SOLIDIFICATION FRONTS IN MASSIVE MAGNETITITES OF THE BUSHVELD COMPLEX (Invited Presentation)


LATYPOV, Rais and KRUGER, Willem, School of Geosciences, Wits University, Private Bag 3, Johannesburg, 2050, South Africa

At the heart of magma differentiation on Earth – irrespective of whether this occurs in shallow magma chambers, magma oceans/impact melt sheets or planetary cores – is a physical separation of chemically distinct crystals and liquids. Exactly how this separation takes place to cause chemical differentiation of magmas is a central question of modern volcanology and igneous petrology. Critical information necessary to address this issue is locked in the internal structure of solidification fronts – the partially crystalline zones of magma that occur along the margins of all magmatic systems and are thermally contained between the solidus and liquidus isotherms. Here we present the first ever records of fossilized solidification fronts from the Bushveld Complex – the largest basaltic magma chamber in the Earth’s crust. These were discovered by two-dimensional geochemical mapping of massive magnetitites on field outcrops.

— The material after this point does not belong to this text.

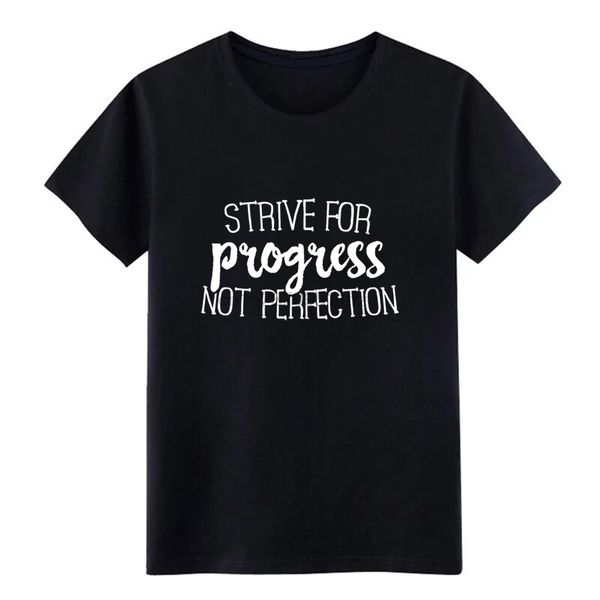 strive for progress not perfection speech therapy custom 3xl pattern fit fashion original sport hooded sweatshirt hoodie t shirt
strive for progress not perfection speech therapy custom 3xl pattern fit fashion original sport hooded sweatshirt hoodie t shirt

The mapping revealed that nucleation and crystallization start directly at the chamber floor as concentrically-zoned nodes which, with continued lateral growth, coalesce into a single, seemingly homogeneous, layer. The steep chemical gradients across the in situ growth nodes imply that magma differentiation in the chamber was remarkably effective and likely induced by a convective instability of a liquid boundary layer at the crystal-liquid interface. This process results in complete removal of a chemical boundary layer from growing crystals to form solid adcumulates directly at the chamber floor. Our direct observations and numerical modelling indicate no compaction in solidification fronts of the Bushveld Complex and imply that perfect fractional crystallization in basaltic chambers can be achieved by convection induced by an instability of a chemical boundary layer around in situ growing crystals. We speculate therefore that this type of compositional convection may represent a very effective mechanism of liquid evolution in magmatic systems. Our data also indicate that a mushy zone in the Bushveld Complex was either non-existent (in magnetitite) or, at best, only a few metres thick (in silicate rocks) which strongly argues for a classical ‘magma chamber’ paradigm that has been underpinning models of the Earth’s magmatism for over a century.